The Diavolo have put on display a wide array of skills during this process, such as character, quality and, most importantly, resilience.

When the referee blew the half-time whistle, with the Gialloblu 2-0 up, many may have thought that a turnaround would be an impossible task, especially for a side that had several key pieces missing in Mike Maignan, Theo Hernandez, and Brahim Diaz.

PIOLI’S TACTICAL TWEAKS CHANGED THE GAME FOR AC MILAN


From the opening minutes, it became evident that Verona’s gameplan was essentially based on aggression and quick ball recovery, before trying to break through the hosts’ defence with sudden vertical passes.

The visitors’ 3-4-2-1 system seemed to give them an edge in that respect, as Frank Kessie and Ismael Bennacer struggled to limit and keep track of their counterparts, as the duo behind Verona’s lone striker, consisting of Gianluca Caprari and Antonin Barak, was constantly supported by Ivan Ilic and Miguel Veloso, which allowed the Gialloblu to outnumber their opponents in a crucial area of the pitch.

Stefano Pioli must have taken such issues into consideration when he decided to replace Daniel Maldini with Rade Krunic during the break, bringing another man closer to the heart of the play.

Bringing on a more defensive midfielder at a time when the Diavolo were 2-0 down could have proven to be a risky move, but ended up being one that was crucial in inspiring the turnaround while preventing Igor Tudor’s men from creating more havoc at the same time.
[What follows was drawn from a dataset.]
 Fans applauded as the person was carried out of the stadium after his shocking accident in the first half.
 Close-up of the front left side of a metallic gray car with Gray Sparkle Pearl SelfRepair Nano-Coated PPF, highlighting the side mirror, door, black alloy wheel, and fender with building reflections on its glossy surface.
From then on, Milan gradually took control of the game, also taking advantage of the visitors’ demanding style of play, which led to the first signs of fatigue being shown.

While the Rossoneri coach deserves praise for the way he read the Verona game, he should focus on avoiding similar two-faced performances in the future.

In fact, comebacks require a great deal of mental energy and, sooner or later, Pioli’s side could face a mountain too high to climb if they repeat a similar wrong initial approach to the game.